Ma tra tutti quello che più si esalta e lascia il segno è Vaas, l’antagonista per eccellenza di Jason, con il suo modo di parlare, i suoi gesti, il suo sguardo da folle. La sua pazzia ha un suo perché, e andrà scoperta poco a poco. Memorabile quando cerca di spiegare il significato di follia.

A ciò si aggiunge anche la stessa ambientazione delle isole Rook, ricche di insidie e sorprese!

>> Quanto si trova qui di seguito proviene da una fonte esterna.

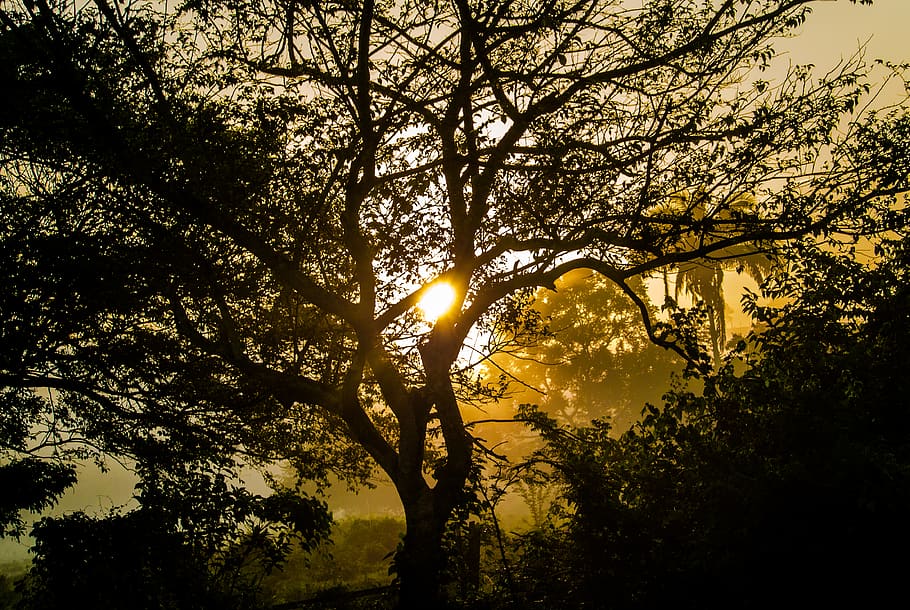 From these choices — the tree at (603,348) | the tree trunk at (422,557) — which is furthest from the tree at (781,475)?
the tree at (603,348)

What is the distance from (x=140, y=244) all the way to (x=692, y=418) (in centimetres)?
798

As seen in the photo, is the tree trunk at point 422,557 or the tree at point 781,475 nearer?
the tree at point 781,475

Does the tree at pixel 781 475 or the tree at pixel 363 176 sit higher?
the tree at pixel 363 176

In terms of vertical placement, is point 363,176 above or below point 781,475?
above

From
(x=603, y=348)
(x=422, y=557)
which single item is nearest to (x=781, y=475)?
(x=422, y=557)

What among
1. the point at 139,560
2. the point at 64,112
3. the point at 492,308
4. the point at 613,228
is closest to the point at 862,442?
the point at 613,228

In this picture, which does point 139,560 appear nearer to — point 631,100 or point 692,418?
point 692,418

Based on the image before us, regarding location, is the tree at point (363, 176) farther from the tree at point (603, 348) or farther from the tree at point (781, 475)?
the tree at point (603, 348)

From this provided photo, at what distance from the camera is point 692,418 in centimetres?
661

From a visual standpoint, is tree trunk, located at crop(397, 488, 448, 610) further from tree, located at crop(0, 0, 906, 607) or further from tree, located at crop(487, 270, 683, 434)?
tree, located at crop(487, 270, 683, 434)

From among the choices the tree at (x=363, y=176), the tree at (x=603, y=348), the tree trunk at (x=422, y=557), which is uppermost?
the tree at (x=603, y=348)

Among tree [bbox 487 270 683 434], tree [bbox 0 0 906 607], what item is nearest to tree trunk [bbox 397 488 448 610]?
tree [bbox 0 0 906 607]

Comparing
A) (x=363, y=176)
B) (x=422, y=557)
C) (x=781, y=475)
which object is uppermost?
(x=363, y=176)

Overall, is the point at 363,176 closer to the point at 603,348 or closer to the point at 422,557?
the point at 422,557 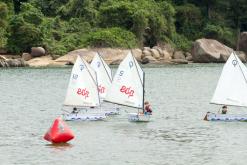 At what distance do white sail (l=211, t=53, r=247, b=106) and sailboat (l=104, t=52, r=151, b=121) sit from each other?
6035 mm

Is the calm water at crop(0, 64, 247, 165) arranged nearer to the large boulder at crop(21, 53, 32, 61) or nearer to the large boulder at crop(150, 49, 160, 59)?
the large boulder at crop(21, 53, 32, 61)

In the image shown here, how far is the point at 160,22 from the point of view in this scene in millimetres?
128875

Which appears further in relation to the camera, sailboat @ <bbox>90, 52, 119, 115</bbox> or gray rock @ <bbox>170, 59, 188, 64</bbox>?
gray rock @ <bbox>170, 59, 188, 64</bbox>

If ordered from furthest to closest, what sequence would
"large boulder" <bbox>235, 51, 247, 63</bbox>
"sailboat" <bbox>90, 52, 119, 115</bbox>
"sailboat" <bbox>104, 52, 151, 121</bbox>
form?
"large boulder" <bbox>235, 51, 247, 63</bbox> < "sailboat" <bbox>90, 52, 119, 115</bbox> < "sailboat" <bbox>104, 52, 151, 121</bbox>

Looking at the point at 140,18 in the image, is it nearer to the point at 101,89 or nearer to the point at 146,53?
the point at 146,53

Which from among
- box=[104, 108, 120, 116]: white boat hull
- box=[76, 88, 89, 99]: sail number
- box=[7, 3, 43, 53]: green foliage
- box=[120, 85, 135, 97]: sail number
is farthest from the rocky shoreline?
box=[120, 85, 135, 97]: sail number

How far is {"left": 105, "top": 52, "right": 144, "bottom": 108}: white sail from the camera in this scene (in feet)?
185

Il ritmo è buono, se pensiamo che tiene le fila di un free-roaming in un open-world dove è quasi sempre facile mettere da parte l’obiettivo principale per fare quello che si vuole. Jason impara che oltre a salvare gli amici c’è qualcos’altro, che lo riguarda da vicino, personalmente. Scopre di diventare piano piano un uomo, vincendo le paure e le debolezze da ragazzo e affrontando temi più maturi e adulti. Pur non toccando l’apice di Assassin’s Creed III, la storia è a suo modo molto valida, nella quale non mancano colpi di scena e momenti memorabili. Solo una cura maggiore nella narrazione avrebbe potuto dare maggior spazio ai personaggi secondari e rendere il finale davvero più appagante.